Even though the most popular units displayed on a torque wrench are Nm and ft-lbs, there are also other units you might find quite handy. Our calculator will automatically convert any value you input into two additional units: kgf-cm and J/rad.

• kg-cm are units of torque that, interestingly, we usually write down with improper notation. You probably noticed that when you try to convert kg-cm to any other SI units, you will get a different unit than that for newtons multiplied by meters! To make this notation correct, you should add a letter f, writing down kgf-cm. In this situation, kgf means kilograms of force, which are simply kilograms multiplied by the gravitational acceleration, g.

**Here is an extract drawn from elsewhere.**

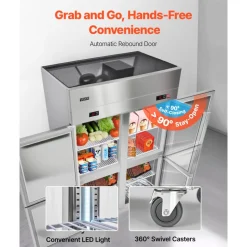 VEVOR Commercial Refrigerator, 32.2 in Width Reach In Upright Refrigeration Double Glass Door, 43.2 Cu.ft Auto-Defrost Stainless Steel Refrigerator with 8 Adjustable Shelves, 32 to 50℉ Temp Range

If you want to convert kgf-cm to Nm, all you need to do is multiply the first value by 0.09807 - one-hundredth of the gravitational acceleration of Earth:

1 kgf-cm = 0.09807 Nm = 0.07233 ft-lbs

• J/rad are also alternative units of torque, commonly used when you need the value of torque in calculations of work or power. These units are equivalent to Nm:

1 J/rad = 1 Nm = 0.738 ft-lbs

• Kilopondometer is another unit of torque and energy, abbreviated as kp⋅m or kgm. This means the force applied to one kilogram as a result of gravitational acceleration:

1 kgm = 9.80665 Nm

6. FAQs

### How do I convert inch-lbs to foot-lbs?

Divide a value in inch-pounds by 12 to get the value in foot-pounds. The ratio between in-lbs and ft-lbs is analogous to that between inches and feet.

### What is 10 Nm in inch-pounds?

10 Nm equals 88.51 in-lbs. To get any torque value in inch-pounds, you need to multiply the number in newton-meters by 8.851.

### How do I convert Nm to ft-lbs torque?

Multiply the value in newton-meters by 0.7376 to get the torque in foot-pounds. Alternatively, you can divide by 1.356 to obtain the same result.

### How do I convert kg-m to Nm?

One kilogram (of force) meter equals 9.807 newton-meters. This is because one kgf (kilogram of force) is the gravitational force acting on a 1 kg object. This conversion factor equals the absolute value of gravitational acceleration. The kg-m unit is actually an abbreviation of the correct kgf-m one.